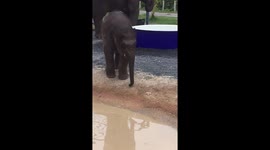 Baby elephant diving skills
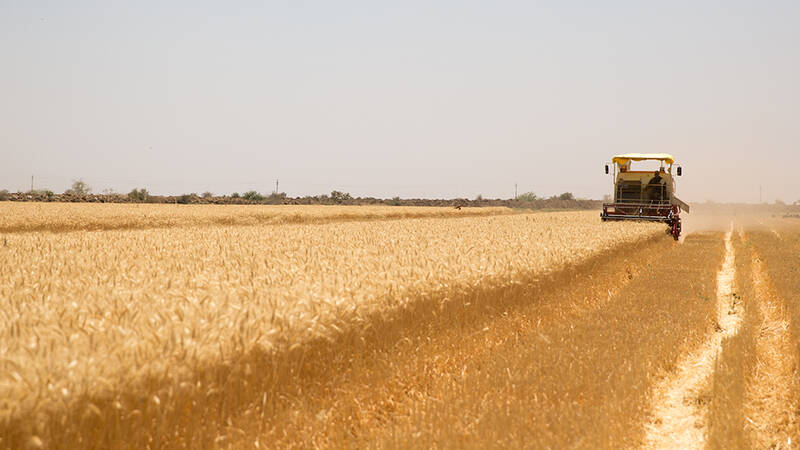 Bread Wheat harvesting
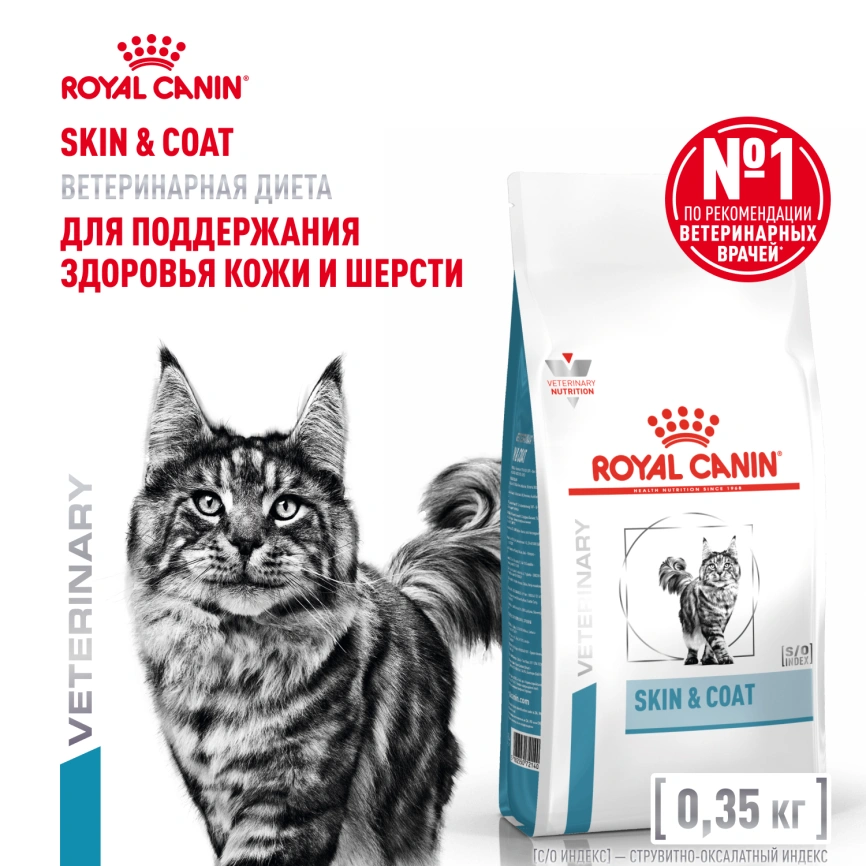 Сухой корм Royal Canin Skin & Coat для кошек, 350 г фото 1
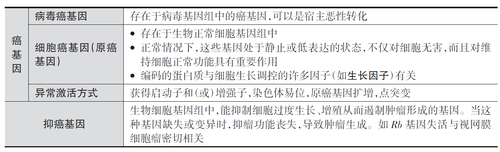 QQ截图20150311091516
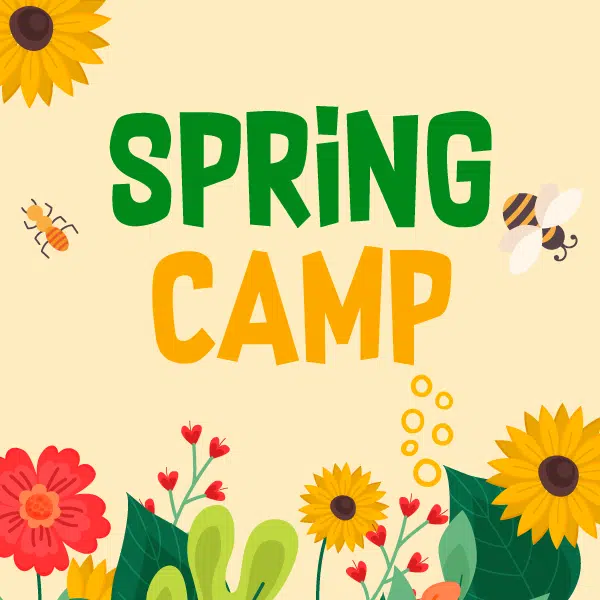 Spring-camp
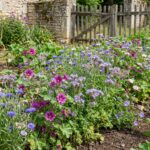 Mélange Fleuri Mellifère et Améliorant Annuelles pour 5 à 20 m² - 20 graines bio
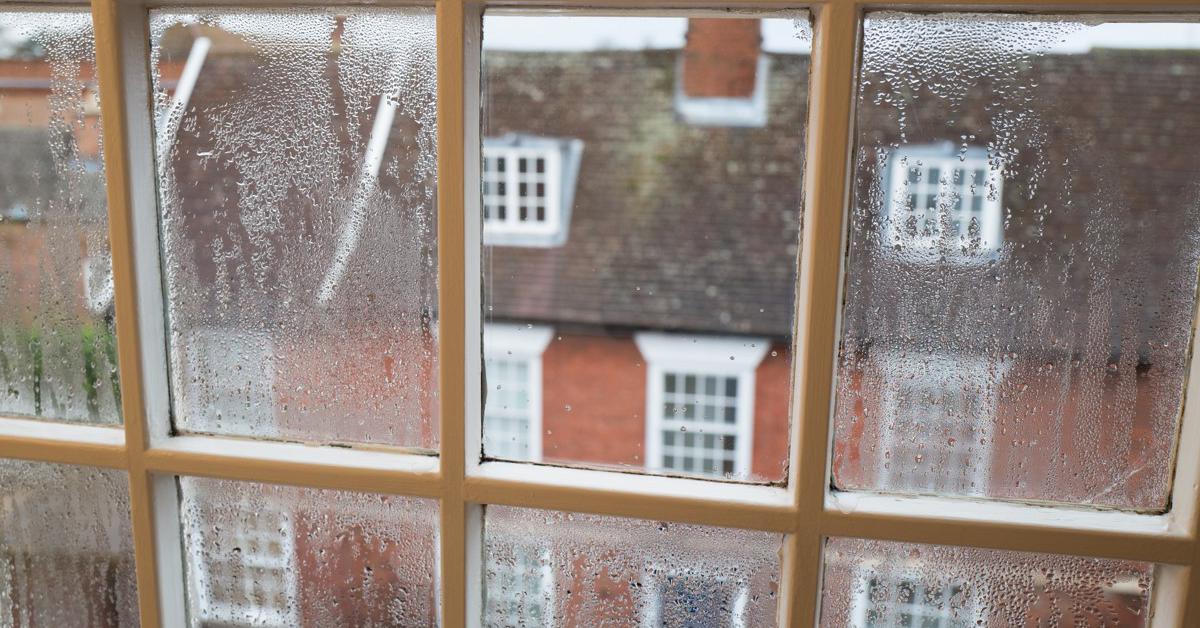 'Tis the season: TDS's guide to tackling condensation, damp, and mould
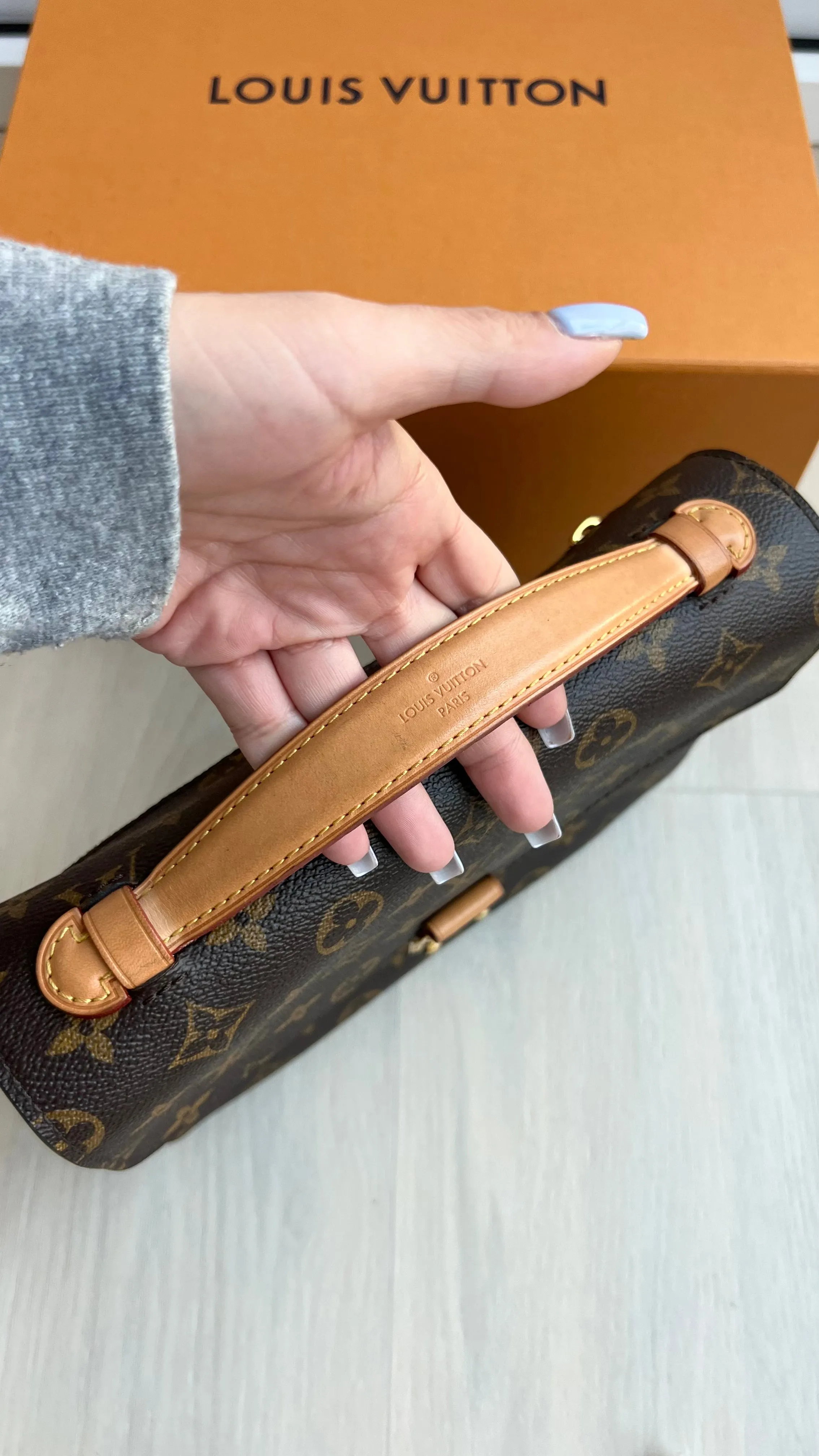 Louis Vuitton Pochette Metis Bag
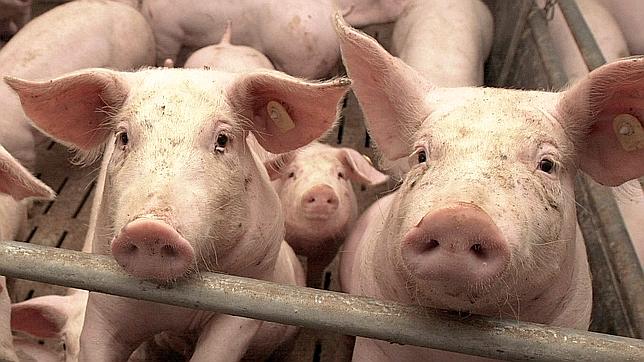 Romania a ajuns sa importe 85% din carnea de porc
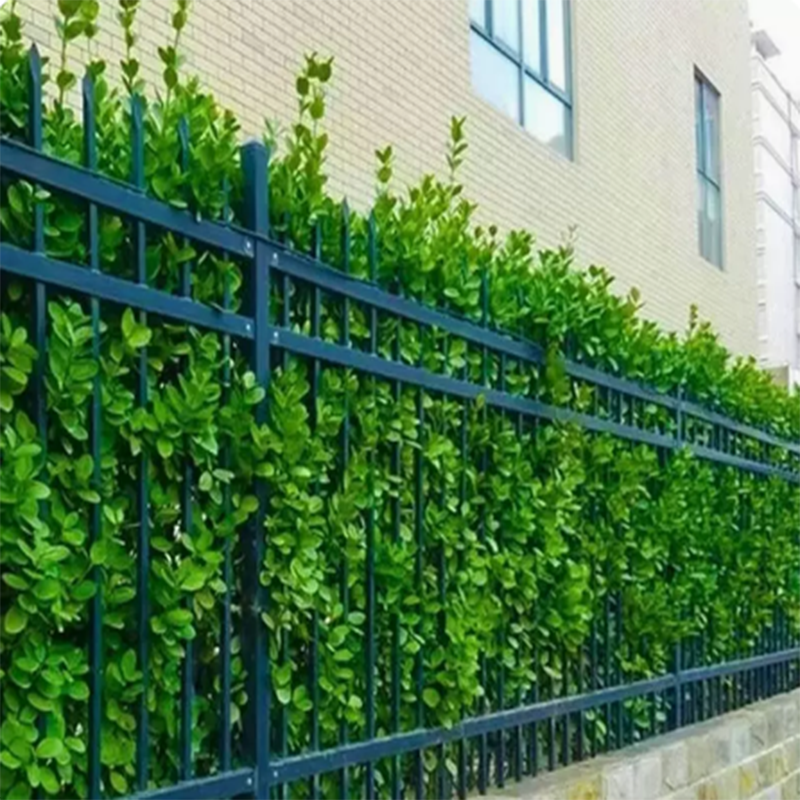 四季常青耐寒物庭绿化苗 北海道黄杨珊瑚苗 篱笆苗绿篱笆围墙植物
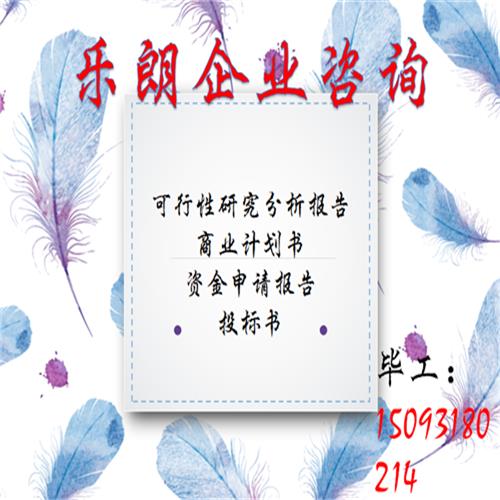 毕节项目计划书-代做（锅炉）项目计划书公司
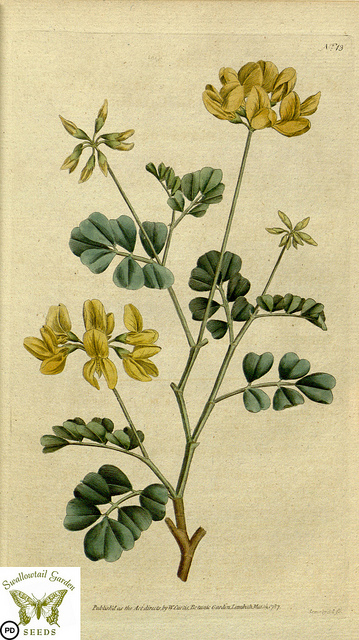Coronille de valence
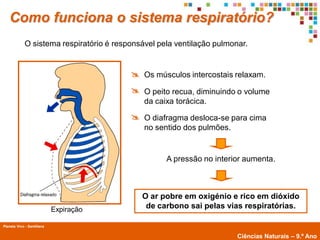 Como funciona o sistema respiratório?
             O sistema respiratório é responsável pela ventilação pulmonar.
★ ★ ★ ★
Every line from the one that contains "Coronille de valence" through the end of the records above is to be reproduced exactly; no picture goes in the copy.

Coronille de valence
 Como funciona o sistema respiratório?
             O sistema respiratório é responsável pela ventilação pulmonar.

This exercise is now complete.